FOLLOWING MOTHER TERESA IN SEARCH OF LOVE, SERVICE, AND AN AUTHENTIC LIFE

Johnson’s portrayal of her time as a nun is likely to be controversial; her memoir is exceptional.

Beautifully crafted memoir of one woman’s experience in Mother Teresa’s order, the Missionaries of Charity.

Early on, Johnson compares prayer to immersion in water: “I could close my eyes and float on the river of God’s Love almost at will.” Readers, too, will find themselves transported into another world by this powerful, revealing memoir. An aspirant to the Missionaries of Charity at age 19, the author spent 20 years living a life both extraordinarily simple and heart-wrenchingly complex.

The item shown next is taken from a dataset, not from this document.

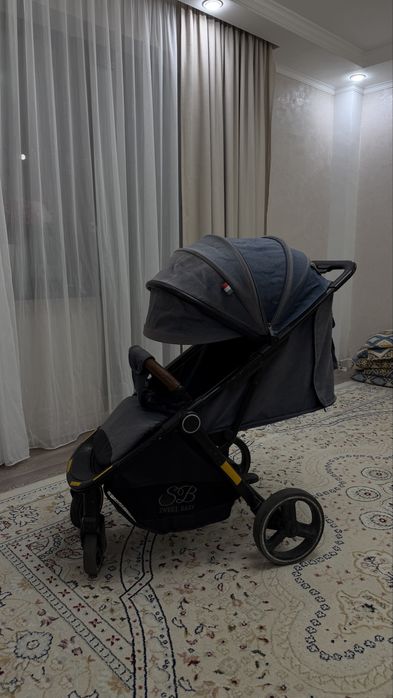 Продам прогулочную коляску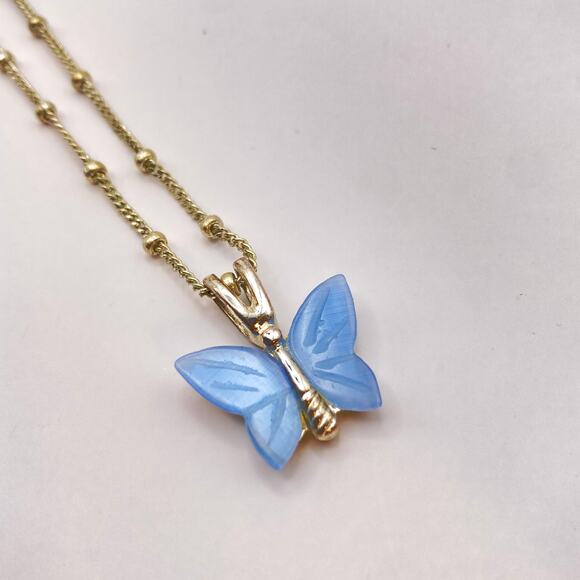 PREMIER DESIGNS Pearly Blue Glass Butterfly Pendant Necklace Silver Tone 16" - Picture 1 of 6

Johnson skillfully demonstrates this juxtaposition through her writing—mundane events, such as gathering eggs or learning to play the piano, often have tragic or miraculous implications. As she progressed in the order and became Sister Donata, the issues she faced became darker: a sexually predatory subordinate, theological disputes, an increasingly rigid system of rules and regulations and a love affair with a priest. Throughout the book, the author describes her interactions with Mother Teresa, but she does not try to pass off their relationship as especially close, but instead describes their time together with honesty and telling detail. She writes about a nun who got tired and hungry, became frustrated and disappointed, and liked candy—Mother Teresa actually emerges as a fairly normal person rather than a saintly archetype. As it became increasingly clear to Johnson that the Missionaries of Charity’s vision and management were diverging from her own beliefs and values, she struggled with her place in the order and eventually made the decision to leave after two decades of service.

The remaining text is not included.